The Renaissance was committed to recovering the ancient past. This led not only to the recovery of ancient art, literature and science, but also to the recovery of a whole body of ancient magic and pseudoscience. For example, many Renaissance thinkers, and Newton, were fascinated by the mystical writings of Hermes Trismegistus (Thrice Great Hermes, hence “hermeticism”), an alleged Egyptian sage. By Newton’s time it had already been demonstrated that these writings were “pseudepigraphia,” a nice scholarly term for “fakes”; Hermes Trismegistus never existed. Nevertheless, Newton was convinced that there was an esoteric tradition preserved by the ancient Egyptians, passed on to Moses, Pythagoras, and Plato, and hidden away in the Bible.
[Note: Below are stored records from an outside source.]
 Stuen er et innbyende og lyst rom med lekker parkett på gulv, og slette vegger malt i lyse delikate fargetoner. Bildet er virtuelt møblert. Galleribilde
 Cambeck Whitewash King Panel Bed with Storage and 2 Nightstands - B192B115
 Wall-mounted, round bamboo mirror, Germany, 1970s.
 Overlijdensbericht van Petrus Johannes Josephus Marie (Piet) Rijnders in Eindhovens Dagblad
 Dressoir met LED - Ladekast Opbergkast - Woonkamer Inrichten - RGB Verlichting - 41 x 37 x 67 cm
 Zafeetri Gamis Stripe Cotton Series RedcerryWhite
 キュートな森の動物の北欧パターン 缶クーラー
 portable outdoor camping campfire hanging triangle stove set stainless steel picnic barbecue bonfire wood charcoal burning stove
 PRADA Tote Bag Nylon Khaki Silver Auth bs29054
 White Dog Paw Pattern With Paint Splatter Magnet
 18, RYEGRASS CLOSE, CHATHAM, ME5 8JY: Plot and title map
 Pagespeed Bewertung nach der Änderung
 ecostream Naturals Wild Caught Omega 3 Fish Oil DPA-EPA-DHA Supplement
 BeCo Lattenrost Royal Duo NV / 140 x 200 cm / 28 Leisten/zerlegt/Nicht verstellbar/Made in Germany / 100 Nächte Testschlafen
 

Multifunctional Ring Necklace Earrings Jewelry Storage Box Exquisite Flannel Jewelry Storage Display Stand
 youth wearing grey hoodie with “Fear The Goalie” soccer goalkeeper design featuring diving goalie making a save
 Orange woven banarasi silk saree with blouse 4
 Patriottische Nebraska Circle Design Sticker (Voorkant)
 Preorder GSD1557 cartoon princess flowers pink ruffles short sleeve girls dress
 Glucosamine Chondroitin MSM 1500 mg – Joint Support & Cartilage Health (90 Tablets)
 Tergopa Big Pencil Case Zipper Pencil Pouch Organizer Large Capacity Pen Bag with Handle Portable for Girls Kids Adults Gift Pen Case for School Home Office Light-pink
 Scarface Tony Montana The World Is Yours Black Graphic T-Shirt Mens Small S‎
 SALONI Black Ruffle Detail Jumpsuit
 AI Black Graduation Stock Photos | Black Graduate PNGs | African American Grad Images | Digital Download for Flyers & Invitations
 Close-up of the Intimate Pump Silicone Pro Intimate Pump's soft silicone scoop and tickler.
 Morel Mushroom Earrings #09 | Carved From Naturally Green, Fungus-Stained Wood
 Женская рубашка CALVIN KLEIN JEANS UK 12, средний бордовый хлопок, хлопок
Read the Bible or stories of Pythagoras closely enough and you could recover the inverse square law of gravitation. Newton spent huge amounts of time throughout his life trying to recover further scientific secrets from the Bible.
John Maynard Keynes, who got hold of some of Newton’s papers wrote
In the eighteenth century and since, Newton came to be thought of as the first and greatest of the modern age of scientists, a rationalist, one who taught us to think on the lines of cold and untinctured reason.
I do not see him in this light. I do not think that any one who has pored over the contents of that box which he packed up when he finally left Cambridge in 1696 and which, though partly dispersed, have come down to us, can see him like that. Newton was not the first of the age of reason. He was the last of the magicians, the last of the Babylonians and Sumerians, the last great mind which looked out on the visible and intellectual world with the same eyes as those who began to build our intellectual inheritance rather less than 10,000 years ago.
After Newton, it became clear that modern science had surpassed anything achieved by the ancient world, and natural science and the humanities went their separate ways. Reverence for the secret wisdom of the ancients would survive in the novels of Dan Brown and in the weird Masonic pyramid on the back of the US one dollar bill.